A couple weeks from now I’ll be flying to Maine, and because I’m told the landlocked Atlantic Salmon bite on Grand Lake Stream is largely finished, I’m focusing on the smallmouth bass in West Grand lake.

Which means I can leave the waders, wading boots and a lot of other gear at home (nobody who travels with a 2.75 year-old argues against traveling light).

It also means digging out (and re-lining) a few of my (ahem) vintage Abu-Garcia casting reels and Cardinal spinning reels — old reels that work as well as the day they came from the factory, and this despite a lot of use back in my Bay Area days.

It also means an online trip to Bass Pro Shops (finesse worms, hooks, line — and a pair of those topwater poppers that turn smallmouth bass fishing into a spectator sport).

A visit to Bass Pro Shops is like a day at a carnival; everything’s larger (and louder) than life, and the copy is brazenly over-the-top — yet somehow lacking in pretension, which makes it entertaining rather than irritating.

After all, everyone in fly fishing “reveres” the Adams dry fly, but if Kevin Van Dam used one to win a tournament, it would be “Guaranteed to attract bone-crushing strikes via its exclusive “multi-hacklepoint” design that in lab experiments generated a feeding frenzy every time.”

The Fishing Grounds

West Grand Lake, Maine

Check out those dropoffs (I sometimes launch from the little dock in the bottom cutout)

We’ll be staying on the little peninsula in the satellite photo — in rustic old cabins lounging beneath the trees — and every good stillwater fisherman has already noted the shallow water areas and the dropoffs to deeper water.

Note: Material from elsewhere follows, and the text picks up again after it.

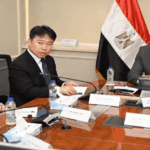وزير الصناعة يبحث مع سامسونج خطط التوسع وتعزيز التصنيع المحلي بمصر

Some days I’ll simply rig a drop shot worm or a topwater on a casting rod, push one of the small kayaks into the water, and fish my way along the dropoff which runs off the bottom of the photo.

It fishes every bit as good as it looks — especially in those places where big rocks can be found at the bottom of the dropoff (yes, I know where those rocks are).

It’s lazy fishing made all the sweeter by a steady stream of smallmouth bass, who are cranky enough to turn the kayak around, then glare at you with those red eyes once you’ve landed them.

The triangle-shaped offshore shallow area on the left seems hit or miss, though when it’s on, the fish are bigger.

The island at the top hasn’t ever produced anything but small fish, despite the fact the upper shallow area is something of a gateway to a large, shallow (presumably food-filled) bay.

Some mysteries, it seems, aren’t meant to be unraveled.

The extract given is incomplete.